What are spot instances?
One of the main benefits of using AWS is that you only pay for what you use and EC2 instances are a great example for that. So as the demand for EC2 instances fluctuates Amazon attempts to sell the surplus resources off in the form of spot instances.
The approach Amazon have adopted for users to get this surplus computing power is a bidding process, so the highest bid gets the surplus computing power for the time they are the highest bidder or until they no longer need it.
For example; if there is surplus availability of m1.small type instances then Amazon may start the bidding at 2 cents per hours. So if someone bids 6 cents then they will get that resource at 2 cents and the current bid stays at 2 cents until all the surplus computing is used by that bidder; or by any other bidders.
If someone requires more than is currently free and available at the time; due to it having already been allocated, then at this point the current bid raises to whatever the person is willing to bid, if this is less than your maximum bid then you keep your instances otherwise you will have your instances; unceremoniously, terminated and these will be re-allocated to the highest bidder. The new current bid will now be set above your old maximum bid of 6 cents and someone will have to outbid this to gain control of the surplus resource.
How bidding works
The only upside to losing out whilst in flight is that you don’t pay for the current hour you are using, so if you are 50 mins into your allocated time and you lose the instance due to a higher bidder then you don’t pay for that hour, so in fact you get 50 mins free.
Bidding is per instance type, in a particular Availability Zone in a particular region and Amazon implies that bidding for an m1.small will not affect the bidding for an m1.large in the same Availability Zone nor will bidding for an m1.small in Availability Zone A affect the bidding for an m1.small in Availability Zone B.
When you submit your spot request you give the details of what instance type you need, Availability Zone, Region, etc. along with your maximum bid. Now the maximum bid price is sometimes misunderstood in that people think this is the price you will actually pay for the instance; which is not the case, it is the maximum you are willing to pay per hour for the instance. If the instance bid price remains at 2 cents and your maximum bid price is 10 cents you still only pay 2 cents per hour.

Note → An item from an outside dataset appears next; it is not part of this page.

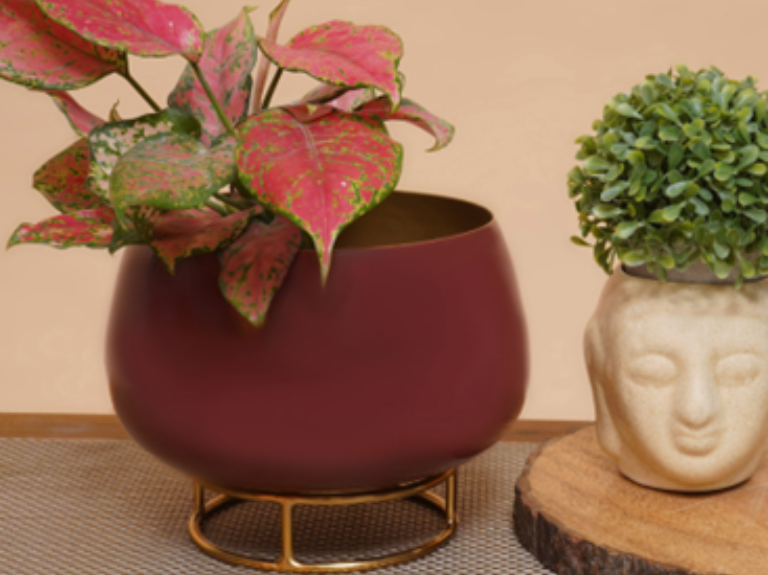 Why Metallic-Accented Planters Are the New Home Décor Trend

If another bidder came in and bid 8 cents then you will still keep the instances but now you will be paying 8 cents per hour and not 2 cents but still not 10 cents.

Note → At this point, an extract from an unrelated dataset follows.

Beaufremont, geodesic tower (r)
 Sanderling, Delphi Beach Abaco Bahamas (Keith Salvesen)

Choosing when to use spot instances
Losing out on instances whilst in flight can obviously be a major issue in certain situations so you must carefully decide whether using spot instances is acceptable for you. In my case this was fine because I could merely re-run the job again manually or waiting until the next hourly scheduled job kicked in again but if you are supporting critical services then spot instances may not be suitable.

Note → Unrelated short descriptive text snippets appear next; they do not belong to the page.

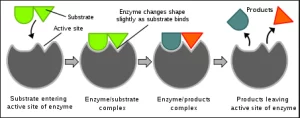 AP Biology slyacademy.com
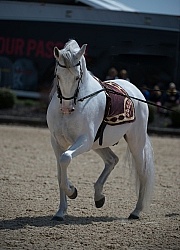 Andalusians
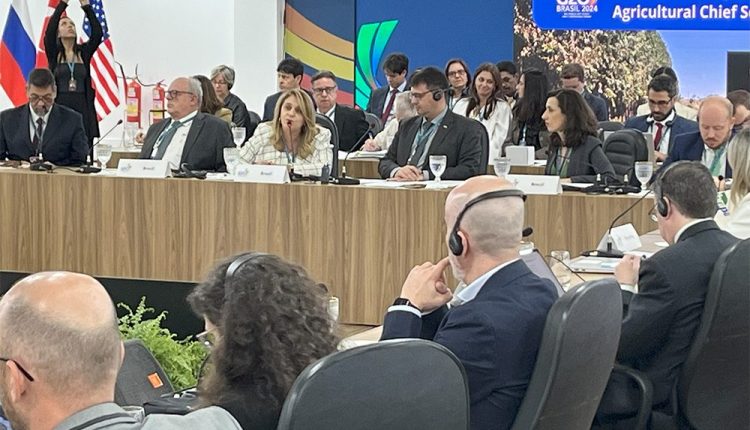 Líderes de ciência agrícola do G20 defendem união para combate à fome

Beware the m1.small spike factor
From my experience I have noticed that the activity on the spot market for m1.small instances is more volatile than the other instance types. The result of this is that the spot pricing for this instance type can vary dramatically thus leaving you either unable to get a spot instance or losing it in flight.
I have a few theories on why its so volatile, the first one being that when a company starts to use AWS; and EC2 instances, they normally start this venture with a spike or two and with little knowledge of the pricing structure and with the cost implications at the back of their minds they normally choose the cheap (and default) option; that being m1.small spot instances. Also with the knowledge that they pay for what they use they often terminate their instance early thinking that this will cost them less not knowing that they still pay for the hour regardless. So if all companies start via this route then this will cause the spot price to fluctuate and increase the activity on the spot market.
To compound this issue; whilst the aforementioned is going on another company performs the same actions but sold on the fact that spot instances are cheaper they raise their bid price to make sure they get their spot instance, not realising that their bid price is greater than the cost of the on-demand instance (you can often see bid prices of $10 for a $0.20 instance). This; again, causes the spot price to fluctuate.
Another reasons for high activity on the spot market for m1.small instances is that companies often create throw away environments such as QA, Staging, R&D, etc. which require less Ec2 power than the Production environment so they opted for the smaller cheaper instances; such as the m1.small spot instance, which obviously drains the resources, raises the bid price and, causes high activity on the spot market.
To overcome the m1.small spike factor you might want to try using m1.medium spot instances instead. These are hopefully less popular and could be cheaper than the m1.small spot instances; due to their demand being less, and hopefully a little more reliable.